I was so earnest. I’d filled in each area and was busy facing down my dark side, saying “yes” to the Universe, volunteering my free time to worthy causes, serving others, balancing my life and remembering the Top 10 Things to never say to anyone, and the Top 8 things to never say to a man with whom I was hoping to have a significant relationship. Wow, I was on a mission!
I had a saying for every month, daily affirmations, a 12 step questionnaire for potential love interests, some poems and a list of 18 daily intentions. Lord, it’s not much wonder I was tired, and I hadn’t even crossed the menopausal threshold yet. Somewhere along the way that book was put into a pine box – perhaps I mistook it for a coffin – and I inadvertently slammed the top down and forgot it. It’s interesting that I didn’t just toss it out.

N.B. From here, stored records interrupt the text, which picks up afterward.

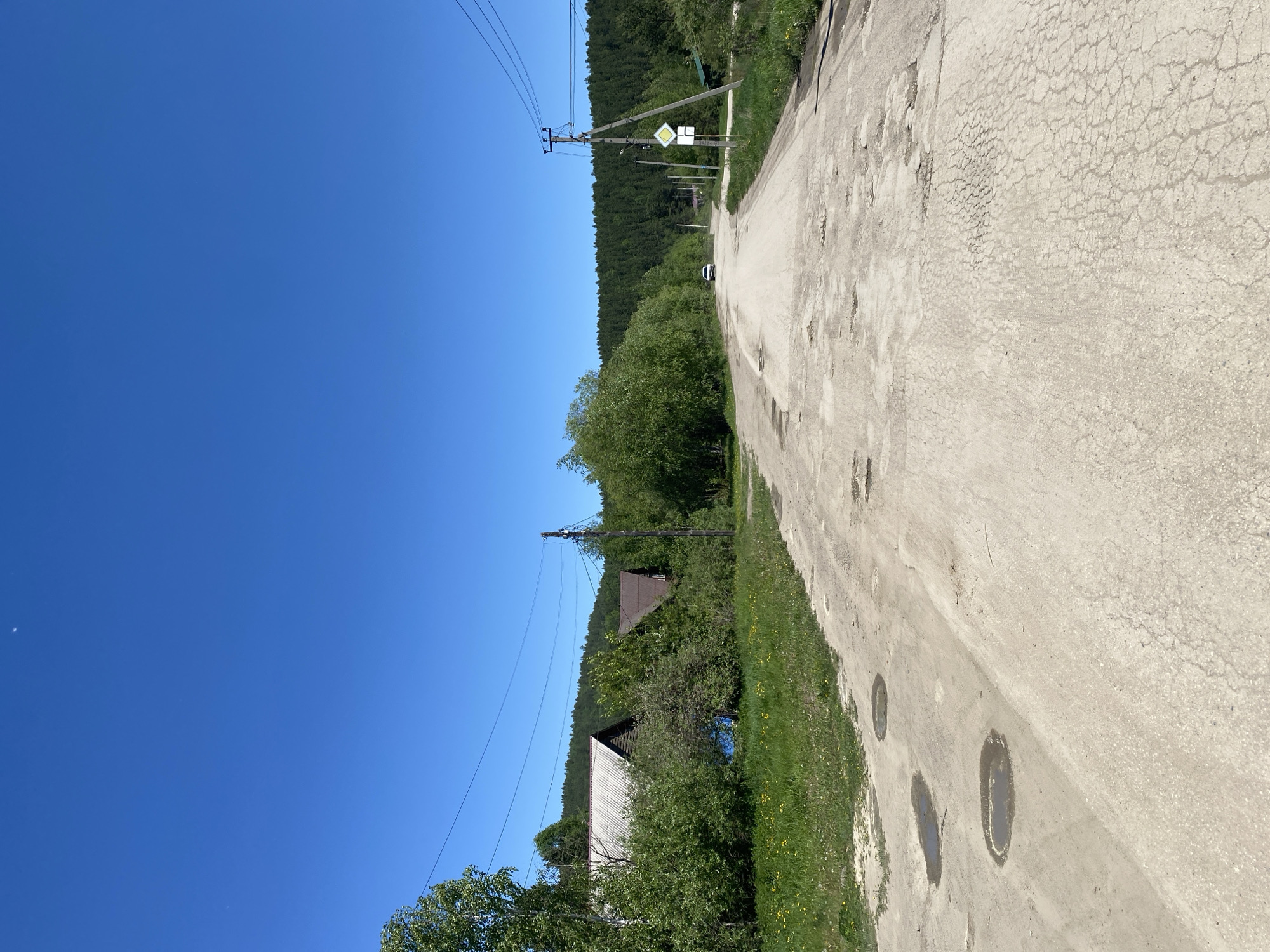 The image depicts a dirt road in the village of Bolshoy Lug, Russia, on a clear, sunny day. The road is unpaved and shows signs of disrepair, with numerous potholes and patches of cracked asphalt. To the left of the road, a grassy embankment is visible, dotted with yellow wildflowers and a few puddles. Beyond the embankment, several houses are partially obscured by lush green trees and bushes. The houses appear to be of traditional wooden construction, with one having a white corrugated metal roof and another a darker, possibly wooden, roof. Power lines run overhead, supported by a wooden pole on the right side of the road. A white car is seen driving away in the distance, kicking up a faint dust trail. The road curves gently to the right, leading towards a dense forest that forms the backdrop of the scene. The sky is a vibrant, cloudless blue.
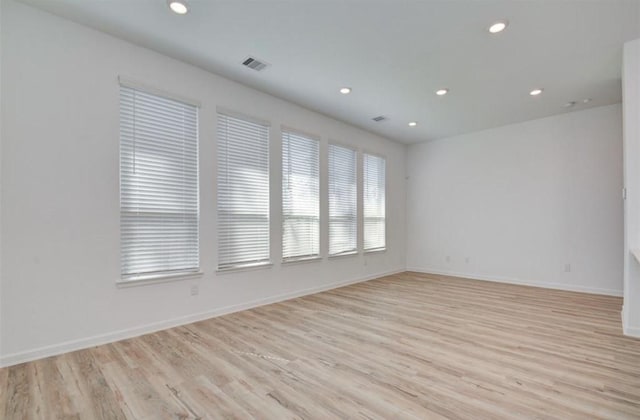 spare room with baseboards, recessed lighting, visible vents, and light wood-style floors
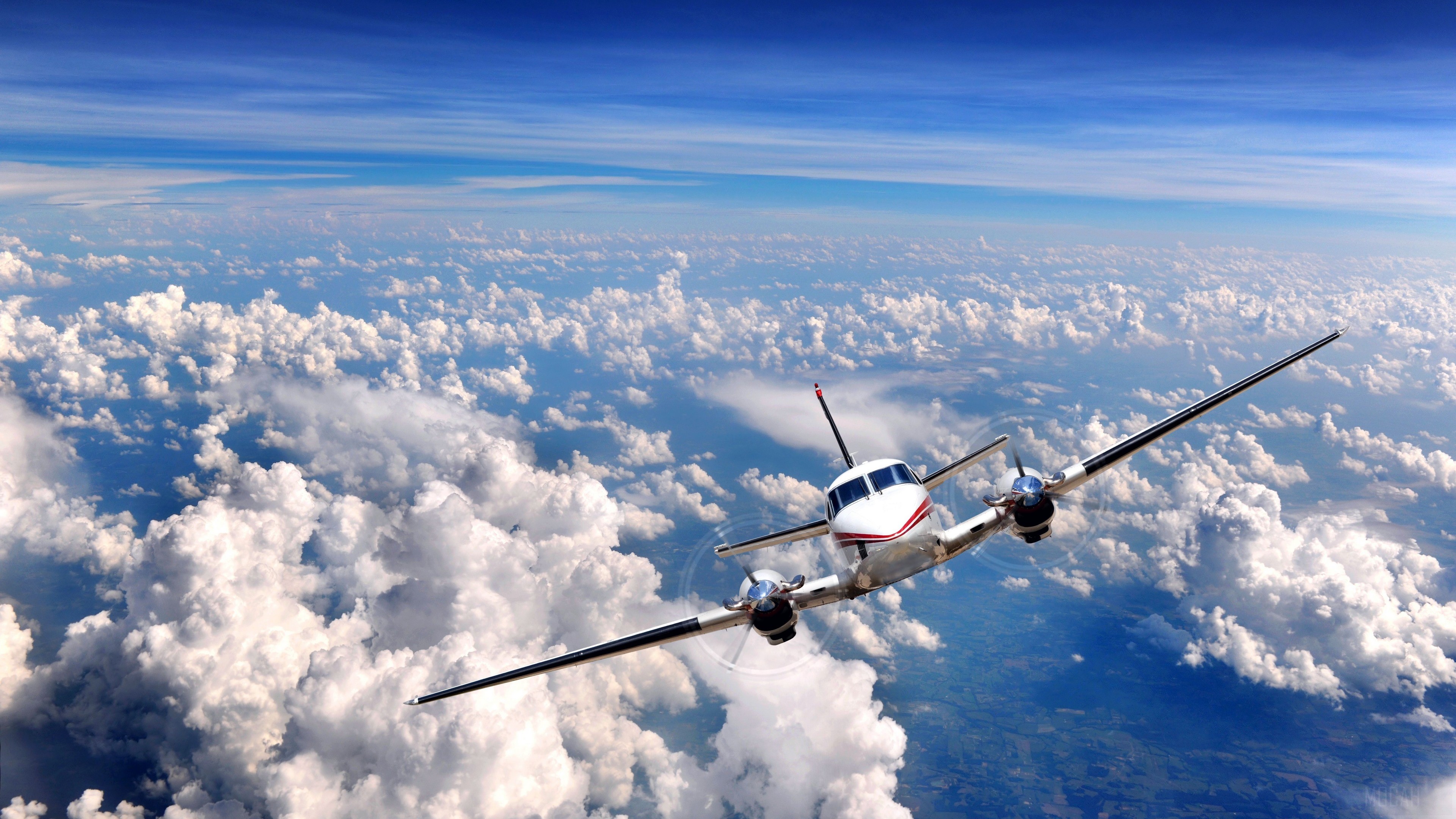 Airplane flying above clouds in 4K HD Wallpaper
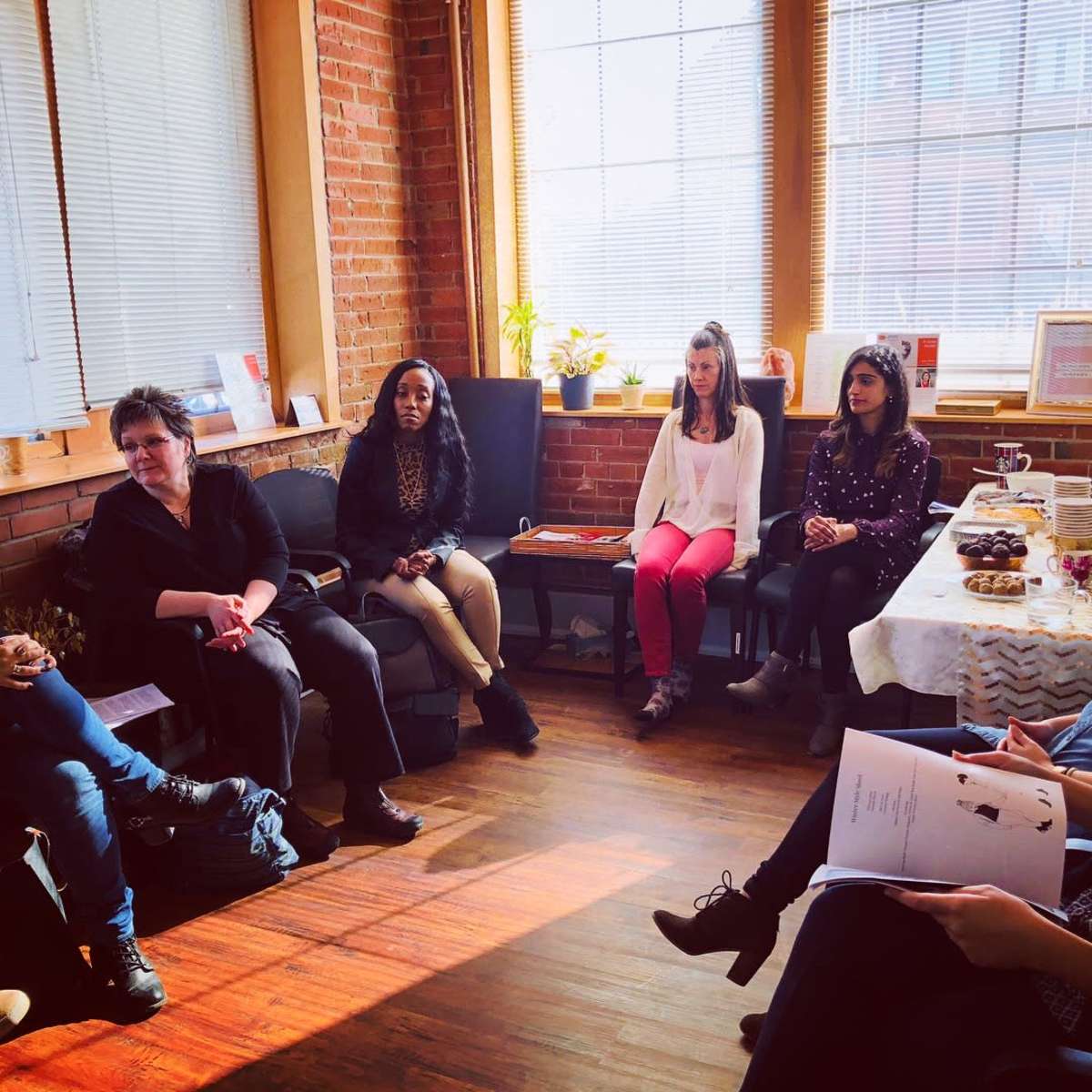 A group of five women is seated in a sunlit room with brick walls, engaging in a discussion while a table with snacks is in the background.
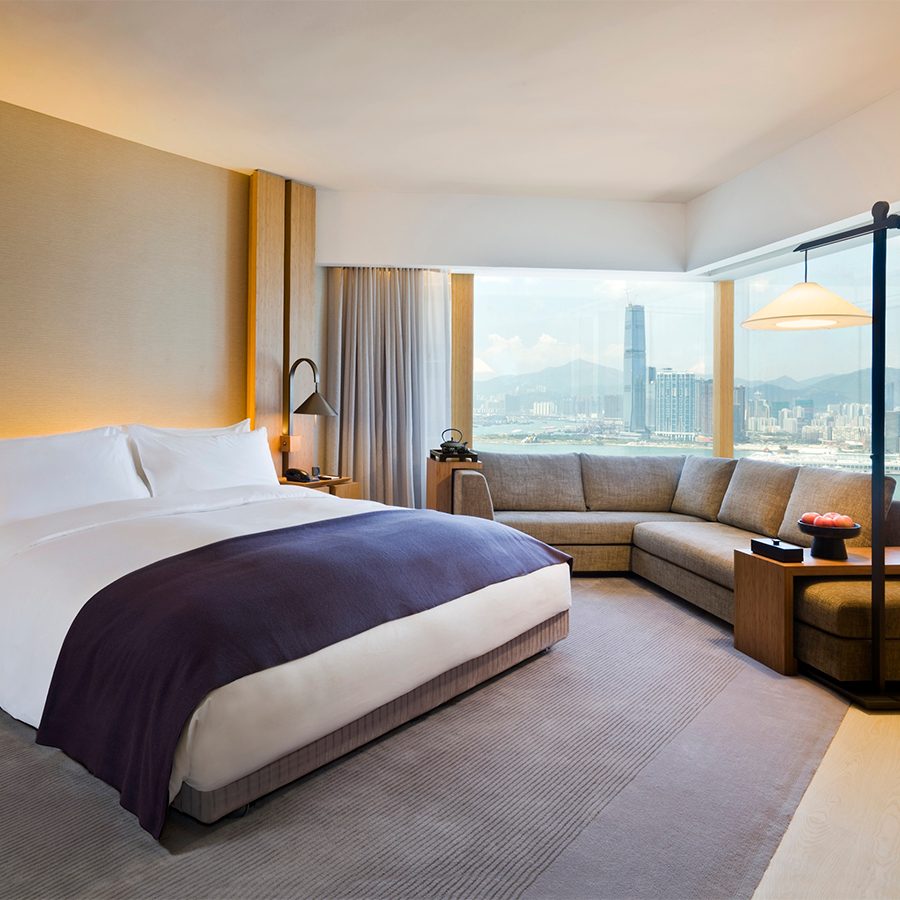 An interior photo of bedroom at the Upper House with a king size bed.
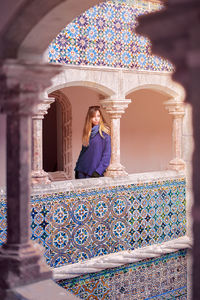 Woman standing in balcony and looking away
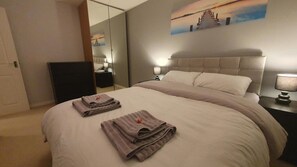 A neatly made bed with folded towels, a large mirror, and a painting of a sunset on the wall.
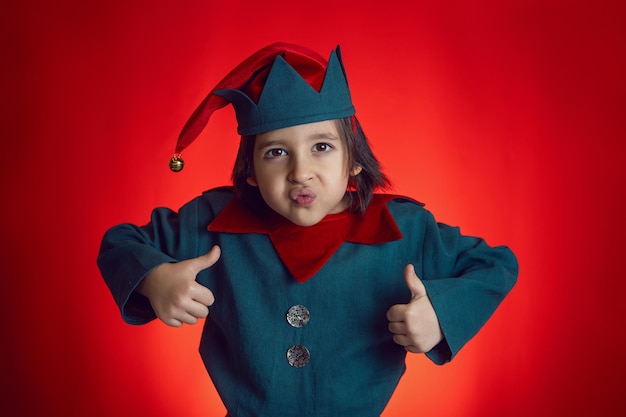 Un bambino in un costume da nano si trova su uno sfondo rosso il giorno di Natale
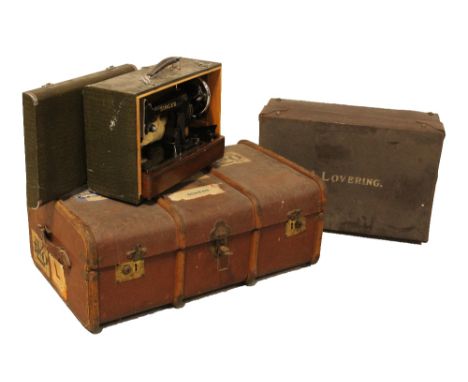 A painted canvas and wooden-strapped steamer trunk with P&amp;O and British India labels, width 86cm, a smaller leather examp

Perhaps because I recognized some of the truths that lay within its covers. I sat for an hour this afternoon and read through the pages. I’d still like to be this woman – eternally positive, good natured and accepting of all that life give and takes. I’m a lot more realistic these days, perhaps a bit jaded, but still hopeful that I can continue to learn and grow personally and professionally. I know that the storms of life finally pass and that I’m a survivor. I know that I’m responsible for all my choices and decisions. If this was my last day on earth, I know what’s important. I know that pain is our greatest teacher in life, and that love and fear are the two great constants we choose between each day.
On March 8, 1994 I described the person that I wanted to be. Needless to say she was a 12 Point Woman. This makes me smile now – me and my book of lists. The reality is, there’s so much wisdom and truth in these ideas, I just wanted it to happen too fast. I’m working on becoming this person, but now I’ve accepted that life is a work in progress. Ten years later these continue to be sound beliefs for a good life:
1) Relaxed and coming from the heart.
2) Enthusiastic about life.
3) Confident.
4) Serene.
5) Living with joy, laughter and gratitude.
6) Open to love.
7) Compassionate and forgiving.
8) Making a contribution.
9) Balanced and content.
10) Energetic and positive.
11) A risk taker.
12) Fearless.
The last page of my book had the following famous person quote – “For all sad words of tongue or pen, these are the saddest . . . it might have been”. I’m still working away at life, taking the good with the bad, learning as I go, and intent on becoming a more evolved person. If it’s true that, “Wisdom is often nearer when we stoop that when we soar”, I’m getting a lot of practice and I’ll be at the finish line one day soon. I guess the bottom line is – don’t give up, dare to dream and dare to do. The alternative just isn’t any fun. I have to admit I still sometimes wonder how my life will turn out when I grow up and what will people think of me when I’m gone!